------ Supplied records
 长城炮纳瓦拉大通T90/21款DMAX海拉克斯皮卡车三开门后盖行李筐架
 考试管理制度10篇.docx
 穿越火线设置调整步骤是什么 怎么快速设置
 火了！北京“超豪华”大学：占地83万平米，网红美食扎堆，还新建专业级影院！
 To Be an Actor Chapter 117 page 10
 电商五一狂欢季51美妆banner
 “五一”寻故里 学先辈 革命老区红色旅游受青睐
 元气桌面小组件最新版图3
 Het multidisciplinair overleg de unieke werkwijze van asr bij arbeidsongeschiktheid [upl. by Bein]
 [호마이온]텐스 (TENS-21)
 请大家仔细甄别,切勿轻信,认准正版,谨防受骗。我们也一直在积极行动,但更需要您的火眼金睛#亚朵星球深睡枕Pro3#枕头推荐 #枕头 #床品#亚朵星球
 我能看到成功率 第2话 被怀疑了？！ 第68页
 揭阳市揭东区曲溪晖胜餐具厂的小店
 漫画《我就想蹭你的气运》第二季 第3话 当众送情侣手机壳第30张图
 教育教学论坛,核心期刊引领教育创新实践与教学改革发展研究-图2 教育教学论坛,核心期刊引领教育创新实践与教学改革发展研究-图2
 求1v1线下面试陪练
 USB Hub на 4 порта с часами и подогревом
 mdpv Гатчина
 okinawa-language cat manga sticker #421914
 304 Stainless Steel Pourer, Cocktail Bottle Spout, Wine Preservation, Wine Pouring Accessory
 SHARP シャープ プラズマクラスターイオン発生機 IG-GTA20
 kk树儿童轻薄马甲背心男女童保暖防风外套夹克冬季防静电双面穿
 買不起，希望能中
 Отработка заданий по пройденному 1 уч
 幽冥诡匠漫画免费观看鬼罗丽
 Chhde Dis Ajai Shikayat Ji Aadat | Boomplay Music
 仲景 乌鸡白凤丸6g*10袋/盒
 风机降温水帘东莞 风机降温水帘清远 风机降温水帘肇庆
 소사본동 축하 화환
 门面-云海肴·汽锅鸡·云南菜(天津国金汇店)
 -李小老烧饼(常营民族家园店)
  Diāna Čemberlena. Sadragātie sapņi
------------
▶ _Problem to solve_:
From the first record to the last, print each one exactly.

▶ _Answer space_:
 长城炮纳瓦拉大通T90/21款DMAX海拉克斯皮卡车三开门后盖行李筐架
 考试管理制度10篇.docx
 穿越火线设置调整步骤是什么 怎么快速设置
 火了！北京“超豪华”大学：占地83万平米，网红美食扎堆，还新建专业级影院！
 To Be an Actor Chapter 117 page 10
 电商五一狂欢季51美妆banner
 “五一”寻故里 学先辈 革命老区红色旅游受青睐
 元气桌面小组件最新版图3
 Het multidisciplinair overleg de unieke werkwijze van asr bij arbeidsongeschiktheid [upl. by Bein]
 [호마이온]텐스 (TENS-21)
 请大家仔细甄别,切勿轻信,认准正版,谨防受骗。我们也一直在积极行动,但更需要您的火眼金睛#亚朵星球深睡枕Pro3#枕头推荐 #枕头 #床品#亚朵星球
 我能看到成功率 第2话 被怀疑了？！ 第68页
 揭阳市揭东区曲溪晖胜餐具厂的小店
 漫画《我就想蹭你的气运》第二季 第3话 当众送情侣手机壳第30张图
 教育教学论坛,核心期刊引领教育创新实践与教学改革发展研究-图2 教育教学论坛,核心期刊引领教育创新实践与教学改革发展研究-图2
 求1v1线下面试陪练
 USB Hub на 4 порта с часами и подогревом
 mdpv Гатчина
 okinawa-language cat manga sticker #421914
 304 Stainless Steel Pourer, Cocktail Bottle Spout, Wine Preservation, Wine Pouring Accessory
 SHARP シャープ プラズマクラスターイオン発生機 IG-GTA20
 kk树儿童轻薄马甲背心男女童保暖防风外套夹克冬季防静电双面穿
 買不起，希望能中
 Отработка заданий по пройденному 1 уч
 幽冥诡匠漫画免费观看鬼罗丽
 Chhde Dis Ajai Shikayat Ji Aadat | Boomplay Music
 仲景 乌鸡白凤丸6g*10袋/盒
 风机降温水帘东莞 风机降温水帘清远 风机降温水帘肇庆
 소사본동 축하 화환
 门面-云海肴·汽锅鸡·云南菜(天津国金汇店)
 -李小老烧饼(常营民族家园店)
  Diāna Čemberlena. Sadragātie sapņi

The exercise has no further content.